WHAT YOU HAVE TO DO: Below are the records; copy each line in which "well" can be found.

=== Begin Enclosure ===

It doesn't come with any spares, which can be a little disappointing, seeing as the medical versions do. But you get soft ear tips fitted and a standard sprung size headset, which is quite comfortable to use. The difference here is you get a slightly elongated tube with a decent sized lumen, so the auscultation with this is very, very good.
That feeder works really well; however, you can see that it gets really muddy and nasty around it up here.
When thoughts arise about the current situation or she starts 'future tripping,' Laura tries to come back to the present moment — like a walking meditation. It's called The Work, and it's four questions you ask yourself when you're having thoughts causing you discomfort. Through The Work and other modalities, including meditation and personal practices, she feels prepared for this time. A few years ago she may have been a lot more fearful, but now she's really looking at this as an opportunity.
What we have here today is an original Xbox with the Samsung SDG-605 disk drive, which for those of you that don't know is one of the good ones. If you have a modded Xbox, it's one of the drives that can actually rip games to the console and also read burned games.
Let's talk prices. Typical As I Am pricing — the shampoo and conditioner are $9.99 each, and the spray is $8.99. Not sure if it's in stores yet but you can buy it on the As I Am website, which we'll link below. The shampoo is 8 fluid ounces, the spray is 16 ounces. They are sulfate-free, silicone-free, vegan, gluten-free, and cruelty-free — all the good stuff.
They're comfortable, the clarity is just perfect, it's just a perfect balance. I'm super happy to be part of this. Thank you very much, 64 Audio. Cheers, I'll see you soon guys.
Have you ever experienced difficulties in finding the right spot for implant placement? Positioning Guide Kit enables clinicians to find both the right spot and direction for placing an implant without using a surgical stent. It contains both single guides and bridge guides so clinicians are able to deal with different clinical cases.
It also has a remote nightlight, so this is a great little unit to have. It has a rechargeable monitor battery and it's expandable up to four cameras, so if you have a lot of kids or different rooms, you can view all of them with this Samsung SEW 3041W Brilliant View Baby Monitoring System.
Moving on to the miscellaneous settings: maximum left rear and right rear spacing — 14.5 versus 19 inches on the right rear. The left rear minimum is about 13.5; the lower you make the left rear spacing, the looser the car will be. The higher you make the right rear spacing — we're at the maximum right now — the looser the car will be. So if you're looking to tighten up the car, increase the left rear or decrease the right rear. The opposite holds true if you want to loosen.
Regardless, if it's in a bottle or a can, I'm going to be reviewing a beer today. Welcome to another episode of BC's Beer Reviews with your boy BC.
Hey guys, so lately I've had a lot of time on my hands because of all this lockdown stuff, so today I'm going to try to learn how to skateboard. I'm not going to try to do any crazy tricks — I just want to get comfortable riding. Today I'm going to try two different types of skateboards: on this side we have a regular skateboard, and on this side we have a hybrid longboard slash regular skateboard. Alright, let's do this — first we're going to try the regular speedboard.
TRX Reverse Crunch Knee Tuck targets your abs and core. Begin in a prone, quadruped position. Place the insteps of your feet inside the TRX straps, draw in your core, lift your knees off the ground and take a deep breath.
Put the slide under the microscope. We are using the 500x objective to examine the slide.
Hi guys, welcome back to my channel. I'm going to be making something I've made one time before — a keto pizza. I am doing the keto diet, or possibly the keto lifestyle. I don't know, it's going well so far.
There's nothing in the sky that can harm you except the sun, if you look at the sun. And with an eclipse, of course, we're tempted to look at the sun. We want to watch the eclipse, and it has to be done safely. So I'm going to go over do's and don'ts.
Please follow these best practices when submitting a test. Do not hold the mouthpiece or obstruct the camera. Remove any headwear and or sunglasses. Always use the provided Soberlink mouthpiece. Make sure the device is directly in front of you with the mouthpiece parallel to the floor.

=== End Enclosure ===

RESULT OF THIS EXERCISE:
That feeder works really well; however, you can see that it gets really muddy and nasty around it up here.
Hi guys, welcome back to my channel. I'm going to be making something I've made one time before — a keto pizza. I am doing the keto diet, or possibly the keto lifestyle. I don't know, it's going well so far.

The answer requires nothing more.